P.S. I used a DC conveter to provide a DC system.

Pls help.
 
I feel you may be on your own on this one, most members don't have access to cyanide and advice is usually only given to those who have a good knowledge of the inherent dangers if using it, while it does the job of removing the gold really well you only make one mistake with it....and it's you last!
My advice for what it's worth is to see how other members of the forum treat plated scrap such as fingers,pins and CPUs. Use the search function and read the forum handbooks and visit lazersteves site where many processes are shown on video. A real must is C.M.Hokes book available as a free download of many members signature line.
I wish you luck but unless you really know what your about lose the idea of using cyanide.
 
yes, please DO tell me what is the LAST Mistake, how to recover the gold instead of alloy.

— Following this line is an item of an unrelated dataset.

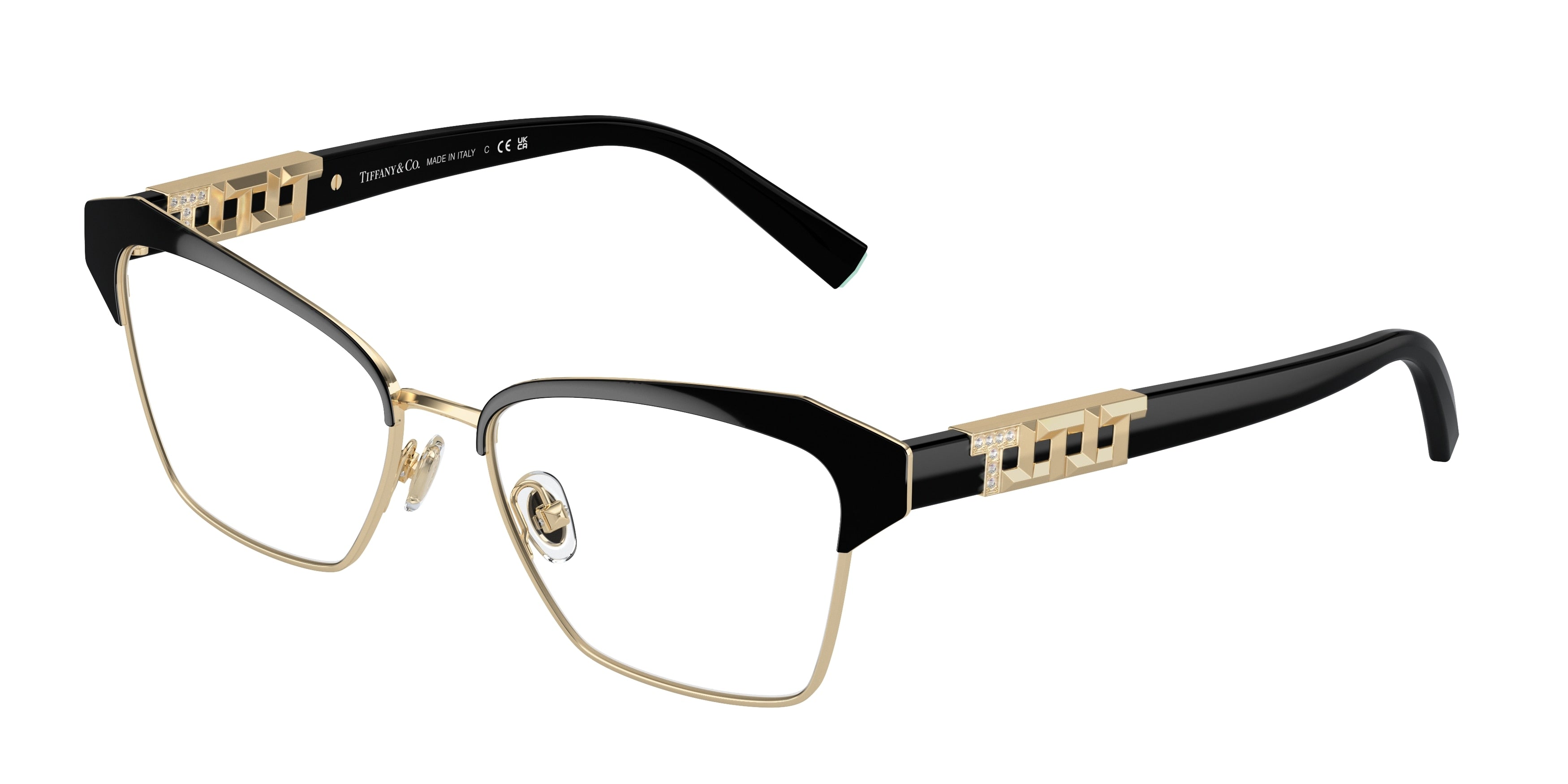 Tiffany TF1156B Square Eyeglasses  6021-Black On Pale Gold 53-140-16 - Color Map Black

I have waste a lot of time........deadline is coming for
my project. I dont want to use chemical method. I have no time to go back to the starting point or try other method.
 
ecosage said:
yes, please DO tell me what is the LAST Mistake, how to recover the gold instead of alloy. I have waste a lot of time........deadline is coming for
my project. I dont want to use chemical method. I have no time to go back to the starting point or try other method.


The last mistake is the one that kills you. Cyanide is a dangerous chemical, if you make a mistake in handling it, that mistake could be your last mistake is what nick was implying
 
Some of the cyanide based stripping preparations make recovery of the values from the solution very difficult, if not impossible. Obviously, there's a way to accomplish the task, but it may be proprietary information, not available to the public at large. GSP has written about this problem in the past.

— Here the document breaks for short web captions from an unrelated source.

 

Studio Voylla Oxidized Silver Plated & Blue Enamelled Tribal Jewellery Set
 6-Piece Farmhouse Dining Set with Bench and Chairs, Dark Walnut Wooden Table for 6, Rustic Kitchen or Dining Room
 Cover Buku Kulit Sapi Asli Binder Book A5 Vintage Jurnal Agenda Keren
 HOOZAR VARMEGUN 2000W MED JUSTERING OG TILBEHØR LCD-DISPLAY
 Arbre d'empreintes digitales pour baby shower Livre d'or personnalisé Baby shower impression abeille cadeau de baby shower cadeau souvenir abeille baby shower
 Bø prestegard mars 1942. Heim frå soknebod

I would expect that zinc flour (dust) will extract the values. It works perfectly well with cyanide. A lot depends on the buffers that have been added to the specific preparation you have used.

Have you tried zinc? If so, was there a small excess of cyanide present?

Harold
 
Thanks Harold,

sorry I didnt catch your point. I did know some of the gold extraction (chemical means) using zinc as displacement. However, I prefer to use electrodeposition method because it seems to be very effective (reported by most of books or articles). of course, i am in a very difficult suitation that
alloy comes out instead of pure gold. The echtant consists of copper (sure!)
silver (I guess coz i see silverish material at the cathode) and gold.

My question is very simple. Can i get the pure gold using existing cell?
 
ecosage said:
Thanks Harold,

sorry I didnt catch your point. I did know some of the gold extraction (chemical means) using zinc as displacement. However, I prefer to use electrodeposition method because it seems to be very effective (reported by most of books or articles). of course, i am in a very difficult suitation that
alloy comes out instead of pure gold. The echtant consists of copper (sure!)
silver (I guess coz i see silverish material at the cathode) and gold.

My question is very simple. Can i get the pure gold using existing cell?
No!

When you recover from a cyanide solution, it isn't selective. A gold chloride cell can be (and generally is so long as you keep contaminants to a minimum).

You may well be recovering some of the gold now, along with the other elements. Hard to say from my vantage point, where I can't see what's happening.

What you prefer may not have anything to do with reality. If you make decisions based on what you want instead of what is known to work, you may be in for some unhappy experiences.

I'm not suggesting that you should use zinc, but if you're not achieving your desired goal, zinc is a damned good solution. It's fast, easy and will recover gold and silver to the point where it's difficult to detect in solution. I dare say that isn't going to happen with an electrolytic extraction. Zinc may be the solution to your problem, like it, or not. In any case, you will NOT recover pure gold. If you could, it would (possibly) be used in the refining process. It isn't.

Harold
 
Dear all,

Thanks alot your valuable input and advice. I accept my failure. Now, I turn
to zinc displacement method. I will still use strip100 + potassium cyanide
as etching solution to stripp gold from scrap. Then i will use zinc displacement method to catch the gold. Could you pls advice the detail procedure that I need to follow. Of course, i will search the method online
. However, should you have the experence on hand, pls do help me coz
i am running out of time.

thanks alot.

P.S. pls also advice any safety precaution i got to be taken when using zinc method.
 
A lack of dissolved oxygen in solution is suggested, but I never worried about that when I used zinc. It's cheap enough to use that I figured an excess would manage the oxygen.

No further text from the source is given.